=== Prompt ===
Would you retype the whole listing verbatim, keeping pictures out of it?

=== Information supplied ===
____

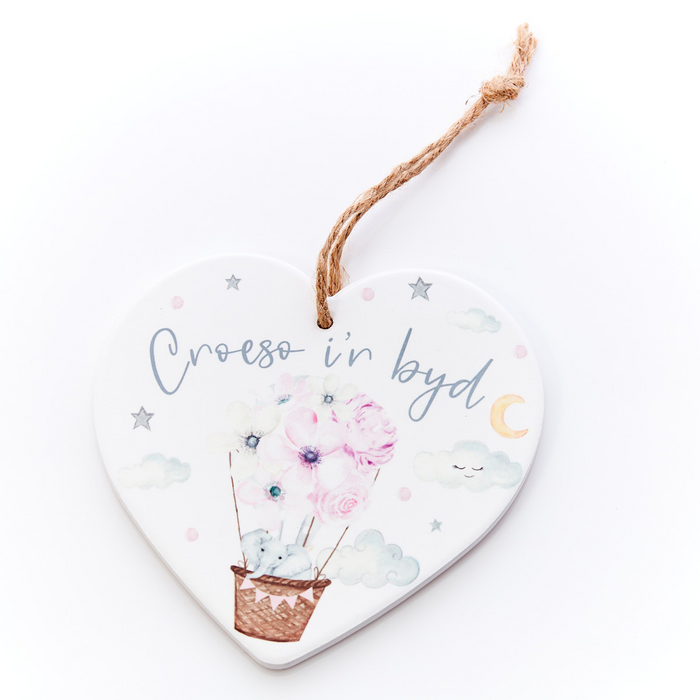 New Baby Ceramic Heart Plaque - Croeso i'r byd - pink or blue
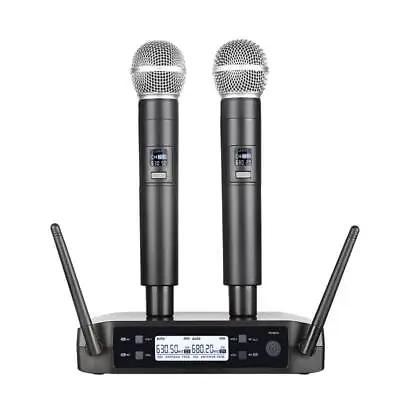 Professional 2 Channel UHF Wireless Dual Microphone Cordless Handheld Mic System • £35.94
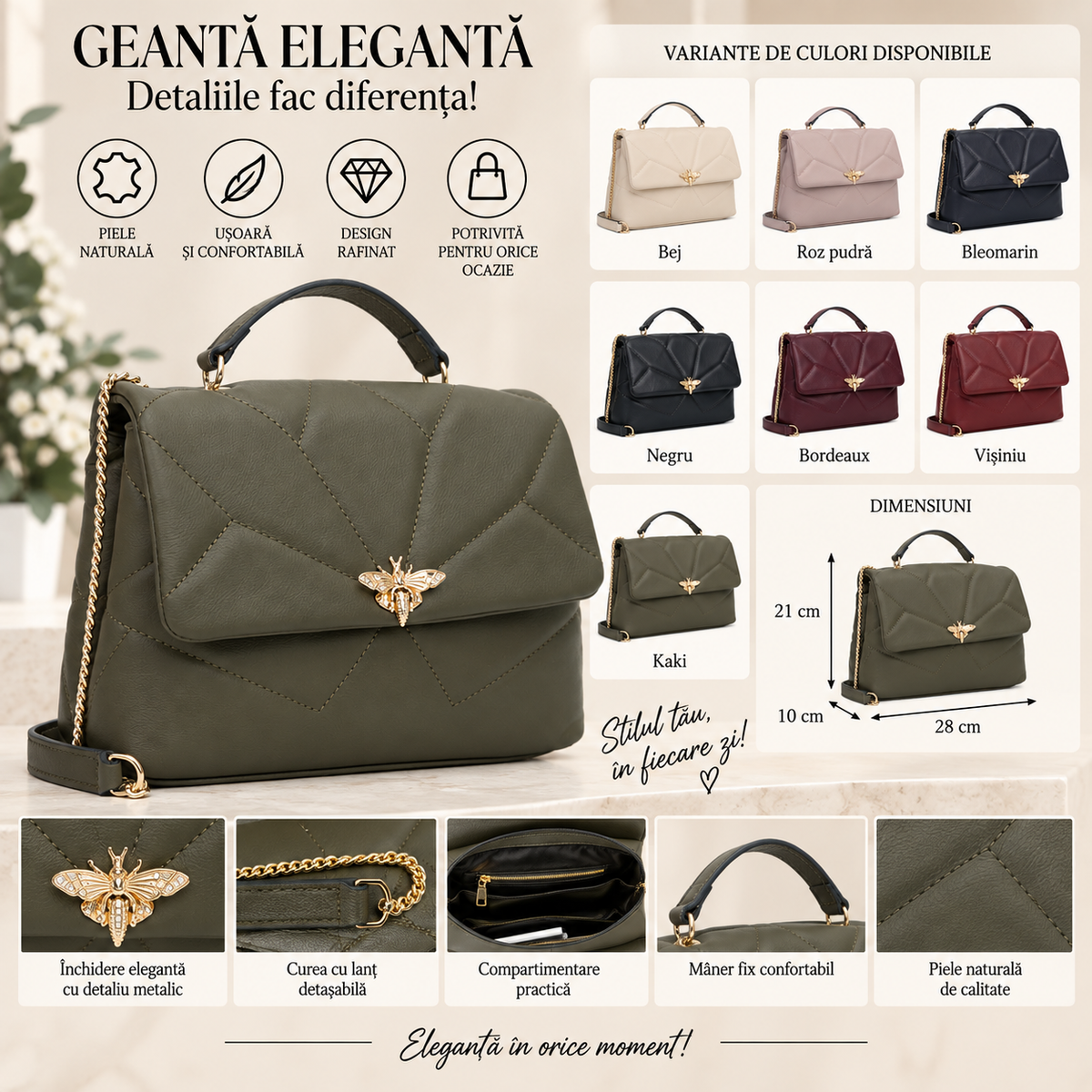 Geanta Dama din Piele Naturala 28 x 10 x 21 cm – 3 Compartimente si Bareta din Piele cu Zale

____

=== Solution to this task ===
 New Baby Ceramic Heart Plaque - Croeso i'r byd - pink or blue
 Professional 2 Channel UHF Wireless Dual Microphone Cordless Handheld Mic System • £35.94
 Geanta Dama din Piele Naturala 28 x 10 x 21 cm – 3 Compartimente si Bareta din Piele cu Zale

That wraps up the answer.